Nesse sentido, como a inverter a pegada dos realizadores da Nouvelle Vague francesa, a escrever com a câmera, Furtado como que filma com palavras, pois que é notória a vocação cinematográfica do livro em toda a sua extensão: "[...] tudo sai / os meninos / os cachorros / as pessoas / os mosquitos / as casas não".

Há, na economia de meios, a construção de imagens que vão tecendo o quadro a partir de elementos os mais bizarros, num ritmo suave e preciso que faz lembrar um travelling à Agnès Varda.

O poema, pois, agrada, desde o primeiro contato, pelo que apresenta no âmbito da imagem propriamente dita (objeto de visualização), não a imagem enquanto metáfora, tão própria da poesia, mas a percepção visual de uma imagem estabelecida dentro de determinados limites.

Pode-se, assim, falar de enquadramento, uma vez que a unidade estrutural do poema é fruto de uma escolha visual pontuada pelo deslocamento do olhar do eu-lírico como o de um operador de câmera. A sua matriz, portanto, é visual, ao que se soma a sonoridade dos versos como a reproduzir os ruídos da vida vidinha do interior na proximidade do anoitecer: "[...] a noite caminha / e gritos de pais chatos / gritam / pra voltarem pra casa / o esconde se acaba / se acabam as paqueras / as brincadeiras / se acabam".

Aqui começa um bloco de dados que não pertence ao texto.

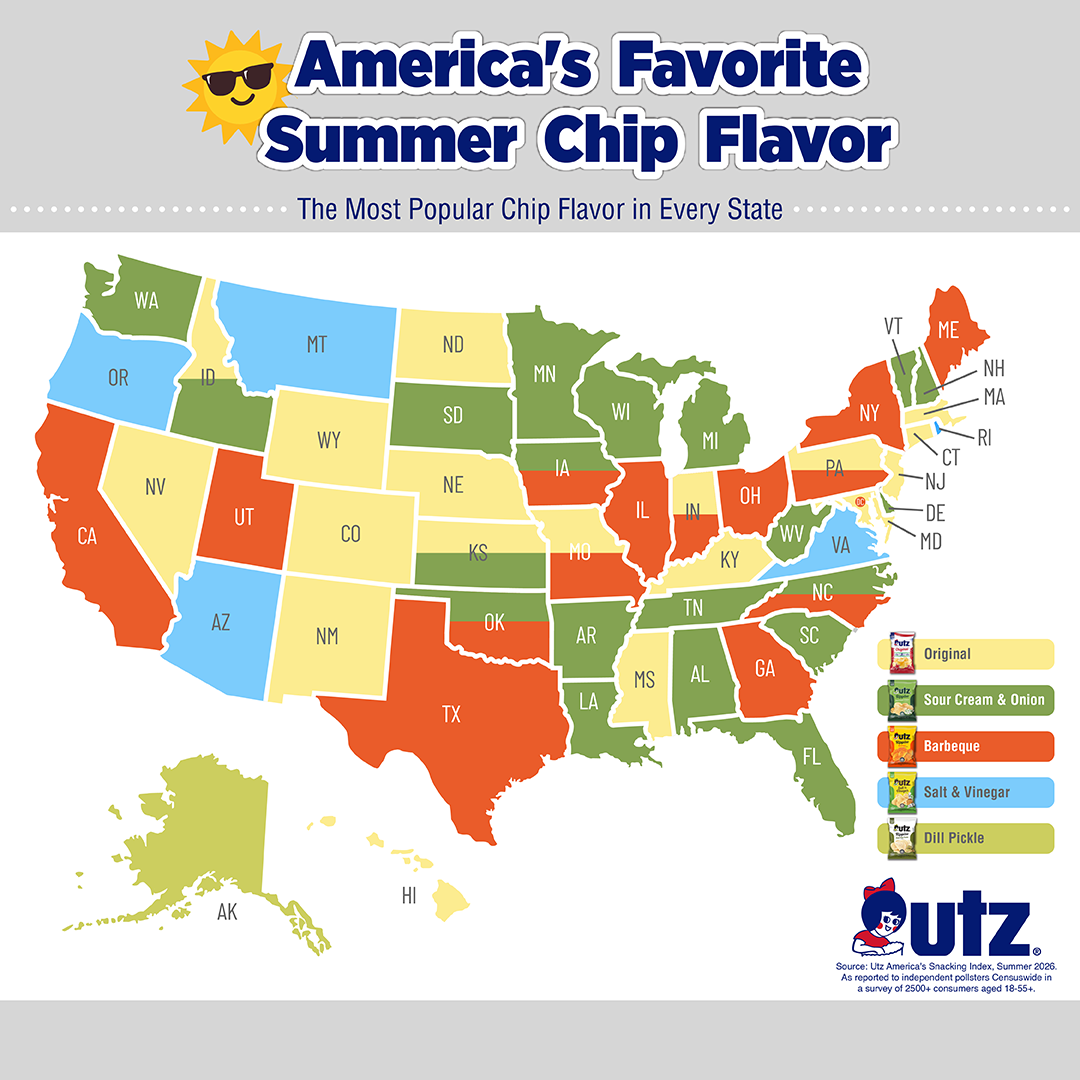 America’s Snacking Season Is Here: New National Survey Reveals Americans Don’t Stop Snacking All Summer Long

Com isso, o poeta agora empresta à imagem o fundo sonoro que lhe dá a força de uma sequência fílmica, como a ter em mente a perfeita compreensão de que poesia e cinema são artes do tempo, e não do espaço, como quiseram os concretistas. É tímida, neste aspecto, pode-se afirmar, a presença de bases estilísticas que denunciem relação direta com o movimento de 1956, muito embora, aqui e ali, perceba-se algo como a espacialização ou geometrização do texto, a exemplo do que faz, à altura da página 15, com o verso: "[...] é novembro / e folhas enfeitam o chão / depois de seu ballet

                                                    n

                                                       o

                                                           ar

                                              outras brotam

                                              outras

                                                        caem".

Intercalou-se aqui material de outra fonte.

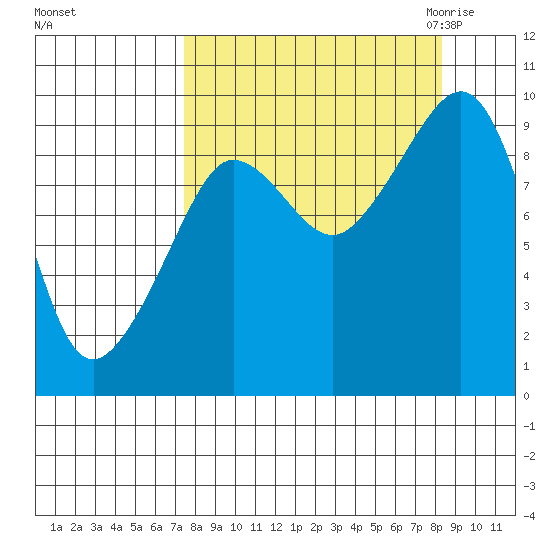 Two Arm Bay tide chart for Wednesday, September 15, 2021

Ou nos versos compostos, à página 24, em que explora a geometrização do texto de modo a sugerir o intimismo de um familiar próximo: "[...] como meu trisavô vive

                                      d   ntro

                                         e

                                       d le"

Injusto, impróprio quando menos, é apontar sob este aspecto para o uso de procedimentos ditos ortodoxamente concretos, como mais de uma vez tenho lido acerca do livro-poema de Maílson Furtado  ---  e a mim mesmo me pareceu à primeira leitura.

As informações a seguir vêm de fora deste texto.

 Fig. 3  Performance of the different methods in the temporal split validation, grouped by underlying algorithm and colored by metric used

Ledo engano. Aliterações, assonâncias, ênfase na sonoridade do léxico empregado na feitura do poema, assim como, em certa medida, a ocupação do espaço físico da folha de papel (e da tela do computador hoje em dia), são comuns à própria poesia, recursos legítimos e incontornáveis de uma fazer artístico que se pauta, acima de tudo, pela musicalidade. Também os simbolistas, sobretudo eles, foram particularmente empenhados em tirar música da linguagem poética, e seria igualmente inadequado identificar em À cidade traços assumidamente simbolistas ou (neo)concretos, ainda que se percebam, aqui e além, características de um e outro no belíssimo texto de Maílson Furtado.

Poesia atemporal, livre e muito maior que a tola necessidade de classificação formal, À cidade sobressai pela força da percepção fenomenológica que é mesmo o esteio em que se sustenta este poema essencialmente visual, sem abandonar jamais, claro, um aguçado senso de relação entre os elementos semânticos e fonéticos que lhe dão uma vitalidade estética absolutamente louvável.

Em termos gerais, em face da exiguidade de espaço da coluna, se, no poema, é inquestionável o "perfume" neoconcreto a que me referi (e tem sido um rótulo precipitadamente colado ao poeta), valho-me de uma visada recorrente entre os concretistas para dizer, consciente de que se possa julgar isto uma mera subjetivação, que se trata de um poema de sintaxe mais visual que verbal. Mais importante, no entanto, é o fato de estarmos diante de uma autêntica obra de arte literária que faz justiça ao prestígio repentinamente conquistado por Maílson Furtado.